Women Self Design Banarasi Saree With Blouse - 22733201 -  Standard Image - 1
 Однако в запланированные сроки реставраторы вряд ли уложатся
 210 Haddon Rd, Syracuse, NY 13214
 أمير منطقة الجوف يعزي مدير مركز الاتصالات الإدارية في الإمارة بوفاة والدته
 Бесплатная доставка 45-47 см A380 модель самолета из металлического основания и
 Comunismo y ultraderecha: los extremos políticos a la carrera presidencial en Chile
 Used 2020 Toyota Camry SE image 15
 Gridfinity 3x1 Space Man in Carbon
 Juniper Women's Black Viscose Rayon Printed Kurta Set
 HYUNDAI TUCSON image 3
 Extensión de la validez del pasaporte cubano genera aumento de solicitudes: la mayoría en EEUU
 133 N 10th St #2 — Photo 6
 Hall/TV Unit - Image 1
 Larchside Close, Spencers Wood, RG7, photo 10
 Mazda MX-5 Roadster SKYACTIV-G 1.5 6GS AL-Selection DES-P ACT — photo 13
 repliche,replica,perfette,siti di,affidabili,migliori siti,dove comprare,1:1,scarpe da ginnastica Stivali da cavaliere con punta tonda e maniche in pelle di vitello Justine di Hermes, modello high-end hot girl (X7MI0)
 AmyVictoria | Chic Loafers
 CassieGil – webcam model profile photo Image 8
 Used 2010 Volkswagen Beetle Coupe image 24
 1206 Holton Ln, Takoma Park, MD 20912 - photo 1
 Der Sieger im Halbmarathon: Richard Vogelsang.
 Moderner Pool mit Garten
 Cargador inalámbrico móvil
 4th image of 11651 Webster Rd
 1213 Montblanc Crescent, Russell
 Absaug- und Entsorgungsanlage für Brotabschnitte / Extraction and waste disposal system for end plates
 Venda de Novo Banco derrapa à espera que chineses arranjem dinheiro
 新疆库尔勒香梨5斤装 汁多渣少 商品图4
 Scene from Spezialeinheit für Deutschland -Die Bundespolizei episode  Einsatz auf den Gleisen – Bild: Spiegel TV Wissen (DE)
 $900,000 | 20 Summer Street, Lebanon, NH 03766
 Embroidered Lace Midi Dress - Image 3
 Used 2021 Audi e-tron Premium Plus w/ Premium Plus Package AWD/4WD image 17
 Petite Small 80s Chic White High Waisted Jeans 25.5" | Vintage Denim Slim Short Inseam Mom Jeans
● ● ●
EXERCISE BRIEF
Copy out only the lines of the records above from the one with "Used 2020 Toyota Camry SE image 15" through the one with "Embroidered Lace Midi Dress - Image 3", exactly as they stand, both included.

SOLUTION TO THE EXERCISE
 Used 2020 Toyota Camry SE image 15
 Gridfinity 3x1 Space Man in Carbon
 Juniper Women's Black Viscose Rayon Printed Kurta Set
 HYUNDAI TUCSON image 3
 Extensión de la validez del pasaporte cubano genera aumento de solicitudes: la mayoría en EEUU
 133 N 10th St #2 — Photo 6
 Hall/TV Unit - Image 1
 Larchside Close, Spencers Wood, RG7, photo 10
 Mazda MX-5 Roadster SKYACTIV-G 1.5 6GS AL-Selection DES-P ACT — photo 13
 repliche,replica,perfette,siti di,affidabili,migliori siti,dove comprare,1:1,scarpe da ginnastica Stivali da cavaliere con punta tonda e maniche in pelle di vitello Justine di Hermes, modello high-end hot girl (X7MI0)
 AmyVictoria | Chic Loafers
 CassieGil – webcam model profile photo Image 8
 Used 2010 Volkswagen Beetle Coupe image 24
 1206 Holton Ln, Takoma Park, MD 20912 - photo 1
 Der Sieger im Halbmarathon: Richard Vogelsang.
 Moderner Pool mit Garten
 Cargador inalámbrico móvil
 4th image of 11651 Webster Rd
 1213 Montblanc Crescent, Russell
 Absaug- und Entsorgungsanlage für Brotabschnitte / Extraction and waste disposal system for end plates
 Venda de Novo Banco derrapa à espera que chineses arranjem dinheiro
 新疆库尔勒香梨5斤装 汁多渣少 商品图4
 Scene from Spezialeinheit für Deutschland -Die Bundespolizei episode  Einsatz auf den Gleisen – Bild: Spiegel TV Wissen (DE)
 $900,000 | 20 Summer Street, Lebanon, NH 03766
 Embroidered Lace Midi Dress - Image 3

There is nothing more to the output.